Also, update the version for pyproject.toml

@s0nicboOm we have not released any previous versions right?

yleilawang commented 3 weeks ago

Added changes for:

  1. Changed return type of load_multiple to ArtifactData, the same return type of load.
  2. Slots for CompositeModels class.
  3. Handling exceptions caused by unwarpping pyfunc models.
  4. Private function for getting unique sorted dkey list.
  5. Added test cases for cache loading for pyfunc models.
yleilawang commented 3 weeks ago

Profiling Updates

reg.save(skeys=skeys, dkeys= ["ae", "pipeline"], artifact=VanillaAE(10), artifact_type='pytorch', **{"a": "b"})
reg.save(skeys=skeys, dkeys= ["scaler", "pipeline"], artifact=StandardScaler(), artifact_type='sklearn', **{"a": "b"})
reg.save(skeys=skeys, dkeys= ["threshold", "pipeline"], artifact=StdDevThreshold(), artifact_type='sklearn', **{"a": "b"})

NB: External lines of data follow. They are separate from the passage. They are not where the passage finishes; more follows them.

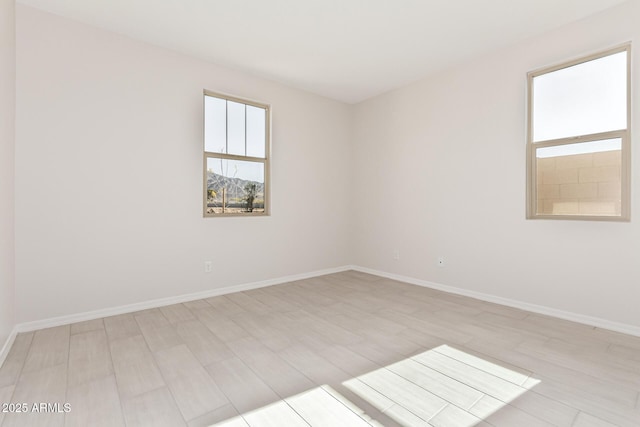 spare room with light wood-type flooring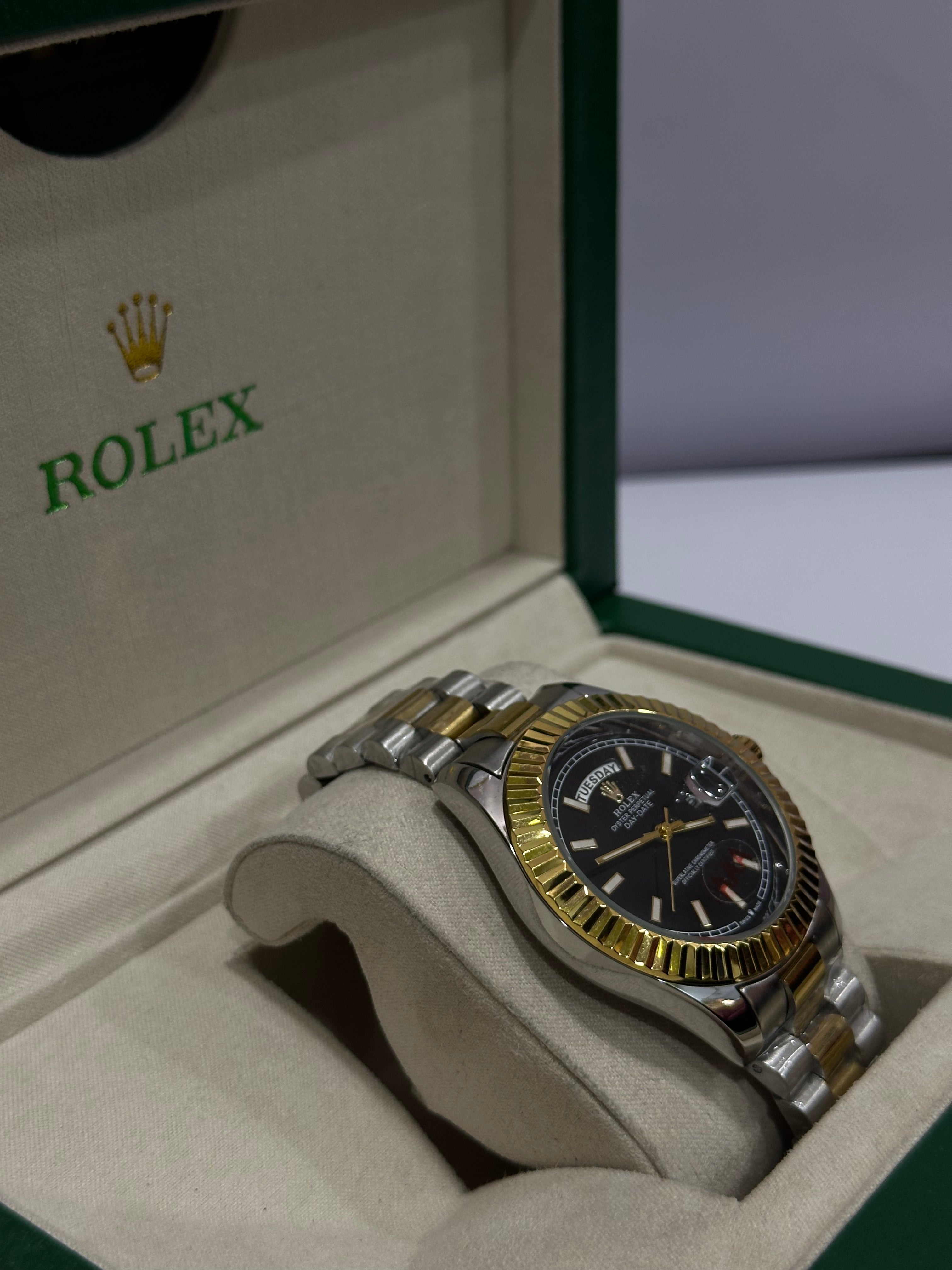 ROLEX WATCH WITH BLACK,GOLDEN DIAL AND SILVER,GOLDEN CHAIN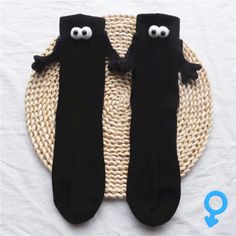 Overview: 1. Couple Design: These socks are designed for couples, with a matching black and white design that symbolizes unity. 2. Fashionable: The socks feature a trendy mid-calf length design that complements any outfit. 3. Magnetic Connection: The socks are equipped with a magnetic connection, which allows couples to hold hands even when wearing shoes. 4. Unique 3D Design: The socks feature a unique design that adds a playful to your outfit. 5. Comfortable Material: The socks are made of high Hand In Hand Couple, Hand Couple, Couple Socks, Hand Socks, Couple Holding Hands, Unique Socks, Black And White Cartoon, Cartoon Eyes, Comfortable Socks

output = reg.save_multiple(
    skeys=skeys, dkeys=dkeys, dict_artifacts=dict_artifacts, **{"a": "b"}
)

def f():
    reg.load(skeys=skeys, dkeys= ["ae", "pipeline"], artifact_type='pytorch')
    reg.load(skeys=skeys, dkeys= ["scaler", "pipeline"], artifact_type='sklearn')
    reg.load(skeys=skeys, dkeys= ["threshold", "pipeline"], artifact_type='sklearn')

def g():
    reg.load_multiple(skeys=skeys, dkeys=dkeys)

import timeit

a = timeit.timeit(f, number=100)
b = timeit.timeit(g, number=100)

print(a, b)

--> 9.074686333002319 4.829918750001525